■ Work order
When you copy from the entries that follow, take only the lines from the one with "beadable Winnie the Pooh pen set" down to the one with "Mario Bath Bomb", keeping both ends and dropping every picture.

■ Records shown

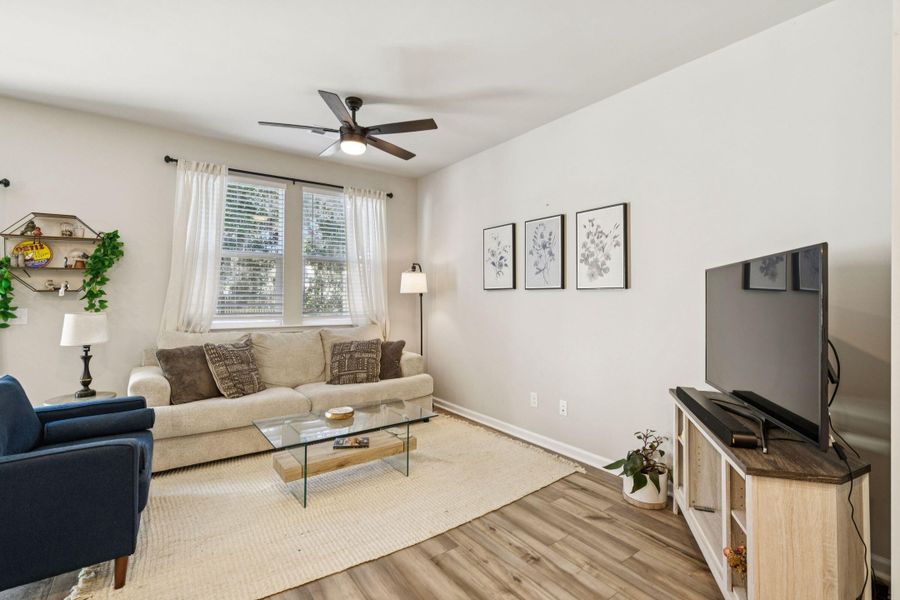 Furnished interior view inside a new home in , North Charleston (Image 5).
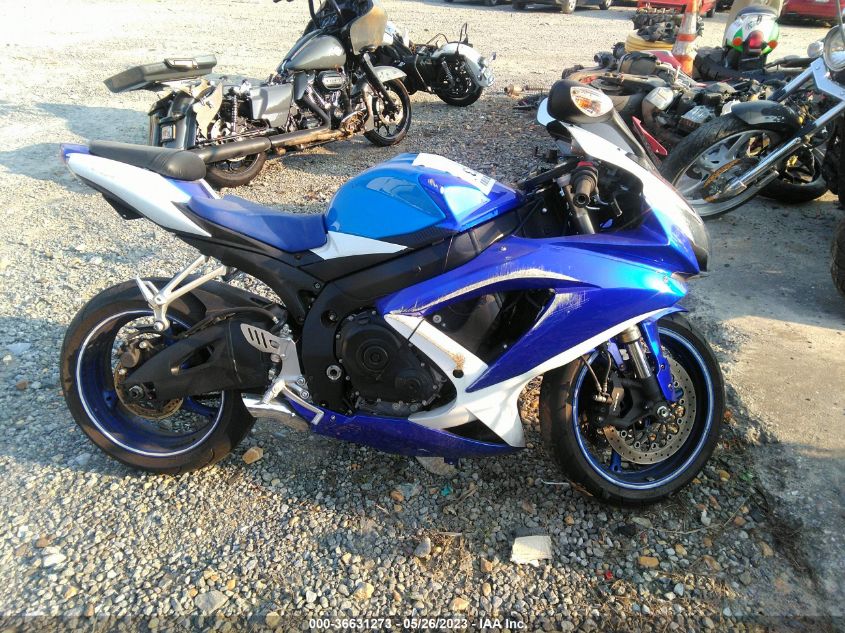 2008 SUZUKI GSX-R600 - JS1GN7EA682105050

* * *

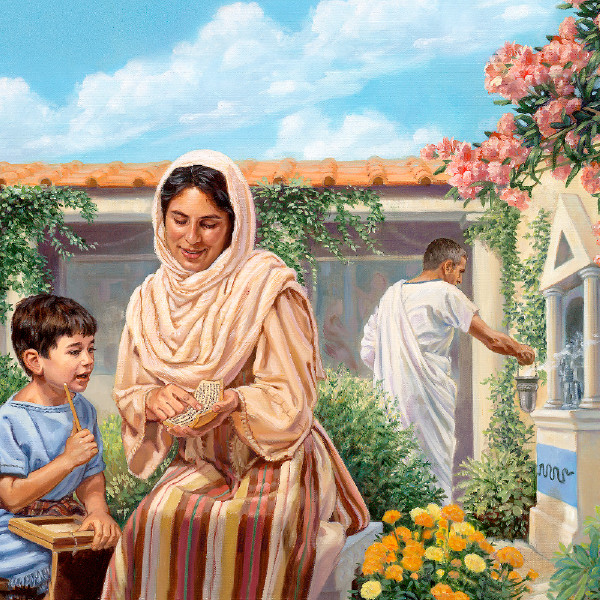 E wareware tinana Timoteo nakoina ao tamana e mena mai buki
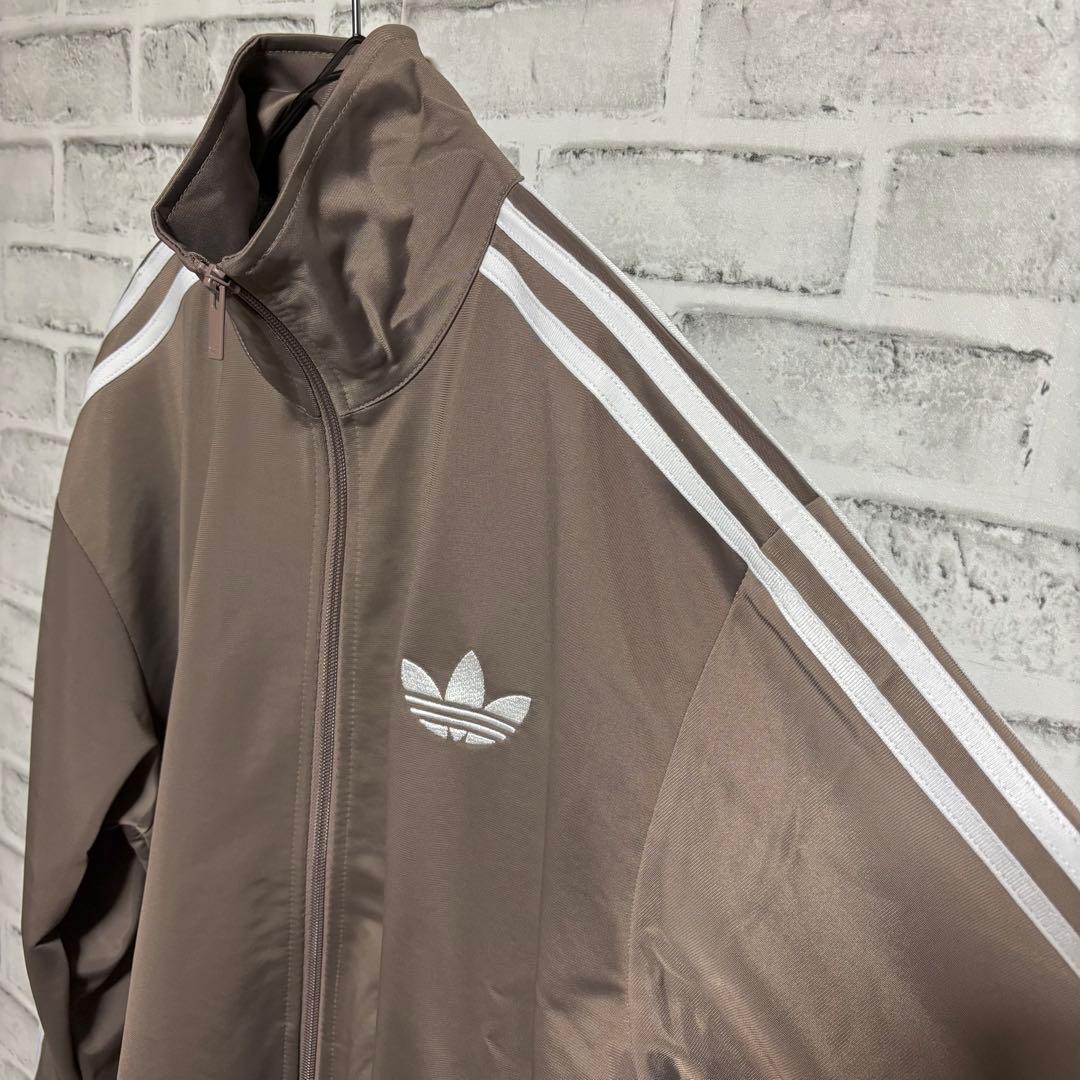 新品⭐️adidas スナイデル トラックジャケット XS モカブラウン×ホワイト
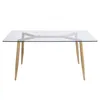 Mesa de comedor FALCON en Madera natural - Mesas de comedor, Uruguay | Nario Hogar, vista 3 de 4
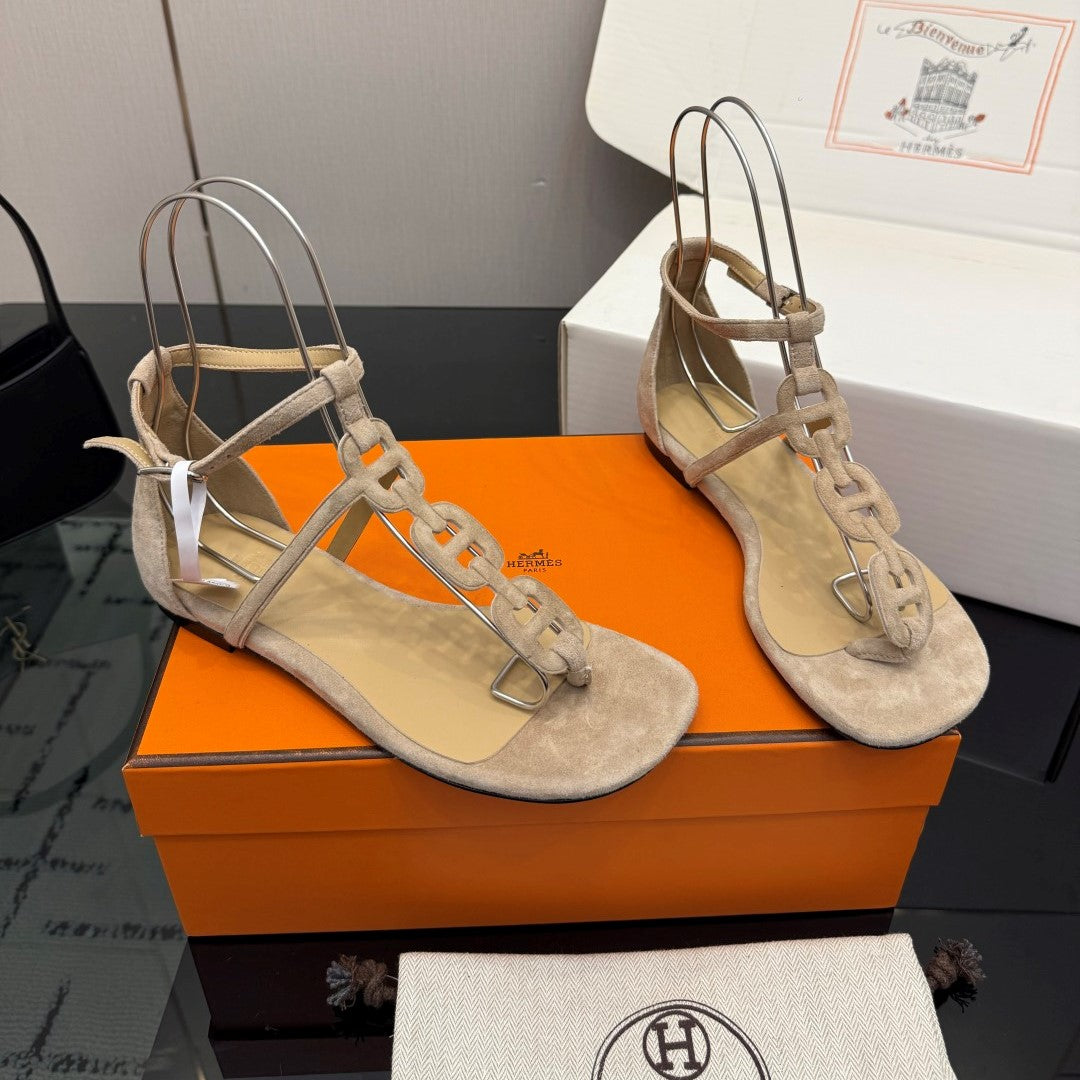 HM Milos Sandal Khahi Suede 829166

---

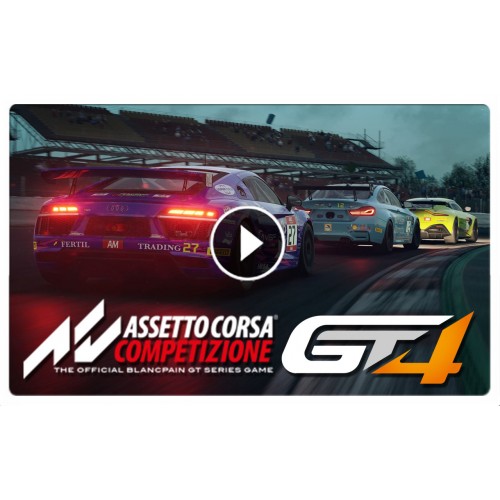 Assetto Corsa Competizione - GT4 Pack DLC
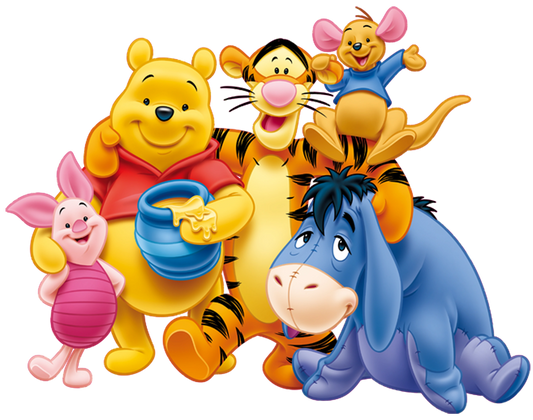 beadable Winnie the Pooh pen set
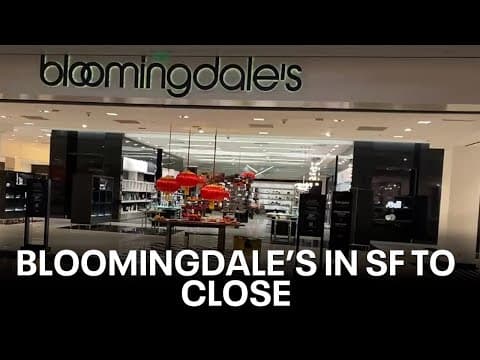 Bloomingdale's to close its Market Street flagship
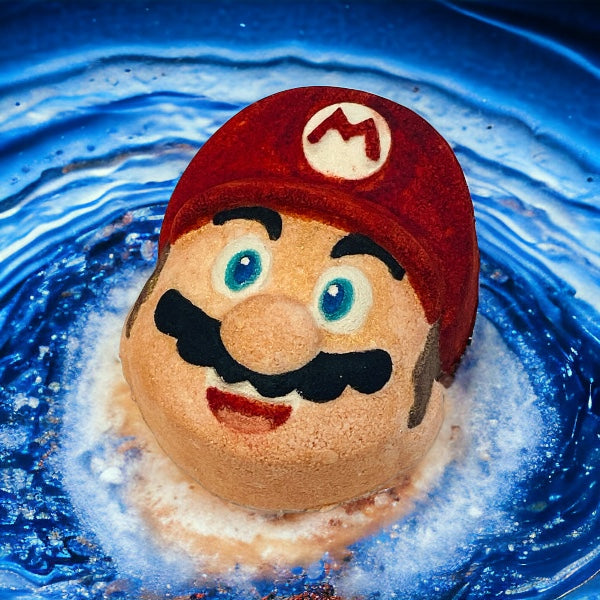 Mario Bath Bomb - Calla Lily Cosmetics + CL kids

■ Answer to this exercise
 beadable Winnie the Pooh pen set
 Bloomingdale's to close its Market Street flagship
 Mario Bath Bomb - Calla Lily Cosmetics + CL kids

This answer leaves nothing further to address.